令和元年10月の話

 今月の自坊の暦の言葉に、「報恩講」と記されていますが、当寺ではご案内の通り、今月二十八日に報恩講がお勤まりになります。そして私ども證誠寺が属する芝組では、今月十五日にお勤まりになる報恩講が最初の報恩講法要となり、十七日、二十二日、二十六日…と、少しずつ日程をかえてそれぞれのお寺でお勤まりになります。私は、当寺の報恩講法要にお参りいただく七ヶ寺の報恩講法要にお参りに伺います。芝組がおわると、十一月十一日からは築地本願寺、そして、一月には京都の本山・本願寺で報恩講法要がお勤まりになります。報恩講法要とは、皆さまもご存知の通り、浄土真宗を開かれた親鸞聖人の御命日を偲ぶ法要です。煩悩具足の私たちに、阿弥陀如来様のみ教えをお示し下さった親鸞聖人のご苦労を悼み、私たちが阿弥陀さまにお会いできたご恩に感謝をする大切な法要です。親鸞聖人の祥月命日が一月十六日なので、その日に京都の本願寺にお参りできるように、一般寺院から先行して、順々にお勤めをしてまいります。
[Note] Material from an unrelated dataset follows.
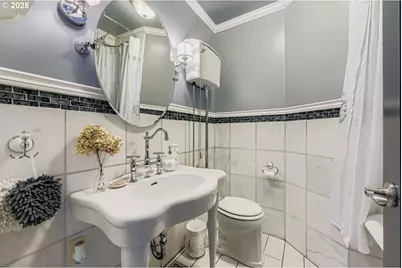 10311 NE Russell Ct, Portland, OR 97220 - Photo 21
 親鸞聖人が阿弥陀さまの御教えに出遭われるまでには、とても長い年月がかかりました。親鸞聖人が御誕生になられたのは、平安時代末期の戦乱の時代。親鸞聖人九歳にして出家得度して、比叡山に登られ二十年間もの長い年月を修行に励まれたにもかかわらず、覚りを得ることなく、長年修行を捨て去り、法然聖人のもとを尋ね、阿弥陀さまの御教えに出遭われました。そのご苦労と、阿弥陀さまに出遭われた時の親鸞聖人のお歓びは、言葉では表すことが出来ないほどだったと思います。
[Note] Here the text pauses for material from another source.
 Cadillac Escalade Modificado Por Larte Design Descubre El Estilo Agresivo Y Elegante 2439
 煩悩だらけの私だったら、苦労して得たものは、独り占めにしてしまうか、同じ苦労を他の者へ経験させてしまうことでしょう。すべてを私たちにお示し下さった親鸞聖人のお心に広さには、心より敬服いたします。令和を生きる私たちが阿弥陀さまに出遭えた歓びの気持ちは、親鸞聖人と同じことでしょう。